Contos da Fazenda, a primeira graphic novel do conjunto, aborda a vida do menino Lester Papineau, basicamente um avatar de Lemire, que vive em seu mundo de sonhos, sempre usando uma capa e uma máscara como se fosse um dos super-heróis que ele lê em HQs que compra na mercearia do posto de gasolina e que desenha quando pode (os desenhos de Lester são realmente os da infância de Lemire, em uma jogada muito bacana). Ele vive basicamente isolado em uma fazenda com seu também solitário tio Ken, com a narrativa dividida ao longo das quatro estações de um ano, com Lester estabelecendo uma conexão com o grandalhão ex-jogador de hockey no gelo Jimmy LeBeuf, que trabalha no posto de gasolina. Usando grandes espaços abertos para contrastar com a pequenez do jovem Lester, Lemire cria um ambiente que parece fazer de tudo para o garoto conformar-se com a vida que tem, mas que ele usa para viver suas aventuras imaginárias contra supervilões, aventuras essas em que Jimmy embarca, solidificando a amizade entre eles, apesar da diferença de idade.

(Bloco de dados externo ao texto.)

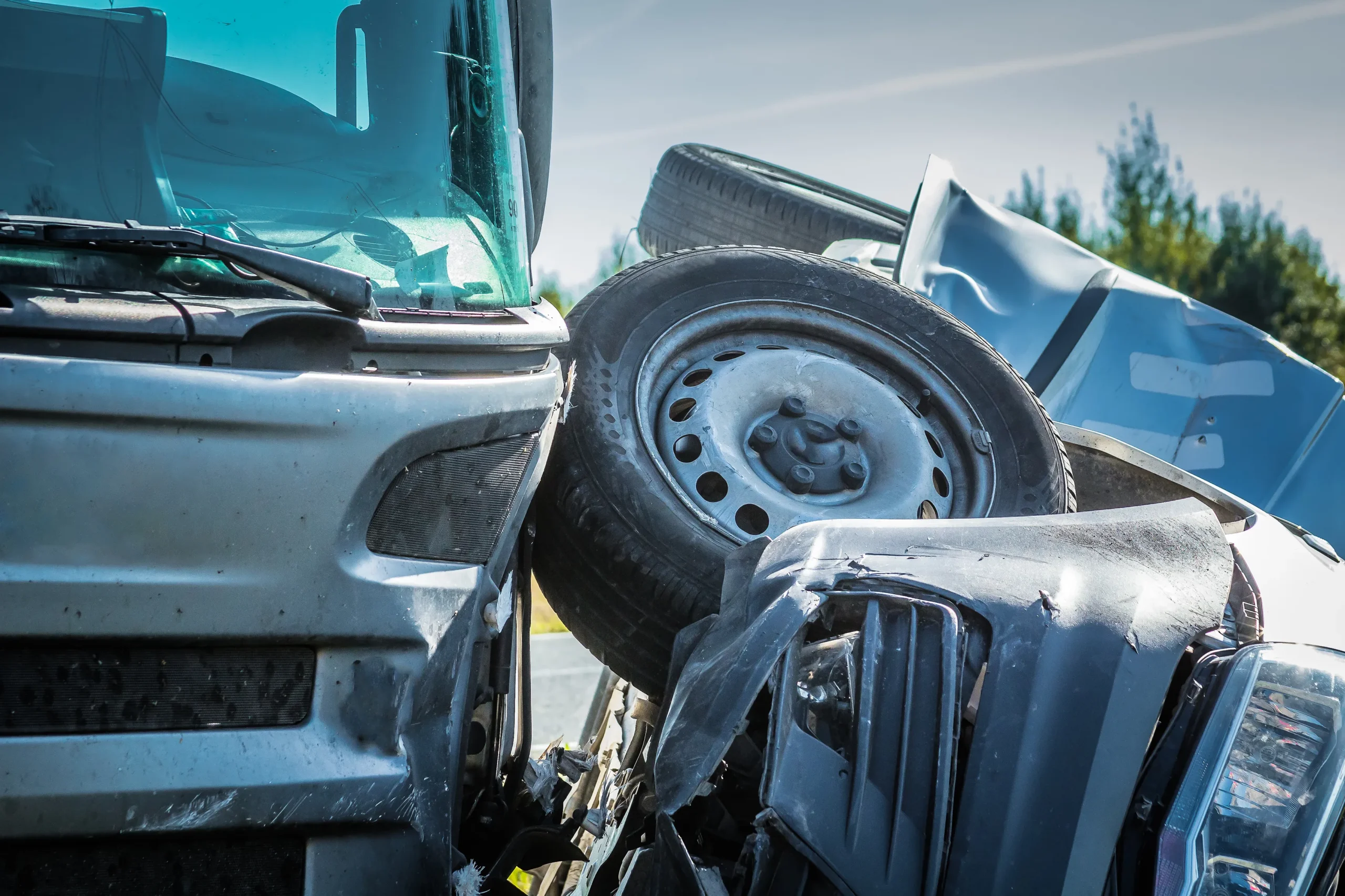 Close-up of a gray truck and a damaged overturned car involved in a collision.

É importante salientar – algo cada vez mais necessário no mundo cínico em que vivemos – que essa conexão entre Lester e Jimmy não tem nada de sombria. Ao contrário, ela é muito bonita e pura e serve de uma válvula de escape para o menino que tem uma relação cordial com o tio, mas não mais do que isso, algo natural considerando que ambos perderam o laço familiar com a morte de Claire – mãe de um e irmã do outro – há um ano e que foi só com o pedido desesperado dela em seu leito de morte, que Ken abriu seu lar para Lester. O que a história está interessada em abordar é a fragmentação de uma família e o amadurecimento de Lester e, em relativamente poucas páginas, sempre com um pano de fundo melancólico, mas que premia o leitor a cada página, ela mais do que consegue cumprir seu objetivo.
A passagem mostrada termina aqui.